Весной 1992 года старший лейтенант Лебедев уволился из милиции и зарегистрировал крестьянское хозяйство, получил в пользование 6 гектаров лесной опушки под Отрадным. Жена, Алевтина Рюриковна, говорила, что эти крестьянские хозяйства - обман и чепуха. Наверное, была права. Фермером Алексей стать не сумел, и даже не столько по своей вине, сколько потому, что участок оказался так себе, болото да лес, причем деревья вырубать не разрешало лесничество, на которое справка о праве землепользования из райадминистрации никакого впечатления не произвела. Алевтина все капала на мозги: ищи, мол, работу, не то заберу детей и уйду. Алексей ее не слушал, а однажды отправился на рыбалку, возвращается - ни жены, ни детей, ни вещей.
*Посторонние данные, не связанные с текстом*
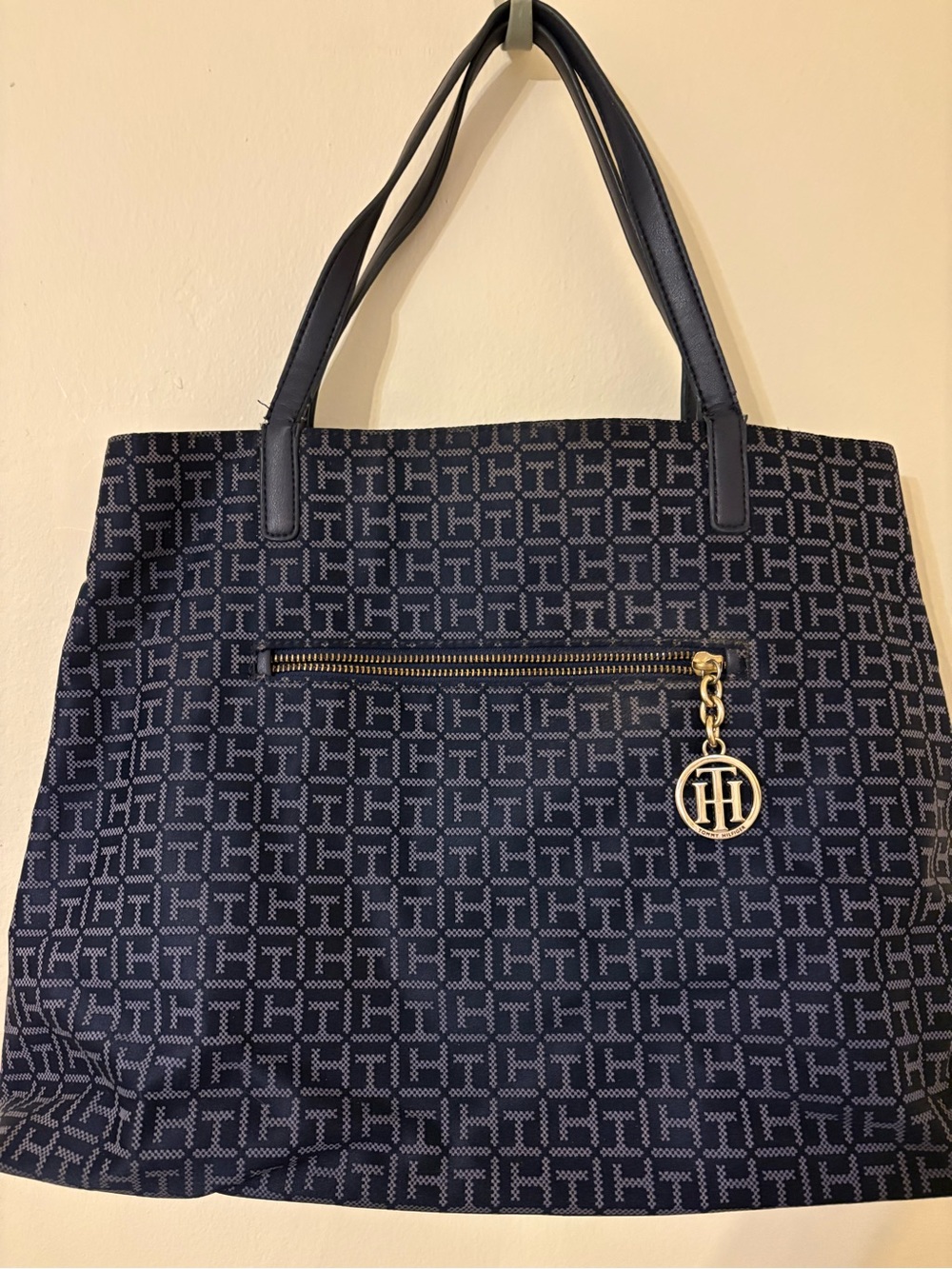 Tommy Hilfiger Navy Logo Jacquard Tote with Gold Charm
Алевтина с сыновьями Борей и Женей уехала жить в деревню к сестре Алексея. Но в деревне не было работы (Алевтина по профессии швея), через неделю вернулась, говорит: давай квартиру делить.
– Я этой грязи не захотел.
– Алексей машет рукой, показывая куда-то в сторону Отрадного.
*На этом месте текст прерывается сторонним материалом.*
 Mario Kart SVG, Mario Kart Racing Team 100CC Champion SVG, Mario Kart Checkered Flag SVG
– Погрузил свои вещи на детские саночки и ушел в лес. Десять лет уже прошло с того дня. Десять с половиной.
IV.
В разладе с женой Алексей теперь винит себя.
– Это ж тоже ментовская система: все с бабами шляются, ну и я шлялся. Алевтина страдала, а я этого тогда не понимал. Сейчас (год, может быть, назад) я перед ней покаялся, мы помирились, и с ребятами я снова начал общаться. Можно сказать, только теперь по-настоящему себя отцом почувствовал. Только теперь, когда одному двадцать четыре, а другому двадцать пять. А когда мы вместе жили, я про них ничего не знал, не знал даже, что они из дому однажды убегали, не хотели в семье жить. Это мне Алевтина рассказала. А сама она живет с другим мужиком, но они меня иногда к себе пускают, то чаю попить, а то и заночевать, если в лесу совсем уж холодно. Я ее спрашиваю: может, он тебя обижает, может, прогнать его или просто проучить? Но она говорит, что все нормально. А я все эти годы без женщин. Может быть, в конце концов с кем-нибудь и сойдусь, но пока мне и одному хорошо. А женщина мешает с природой в гармонии быть.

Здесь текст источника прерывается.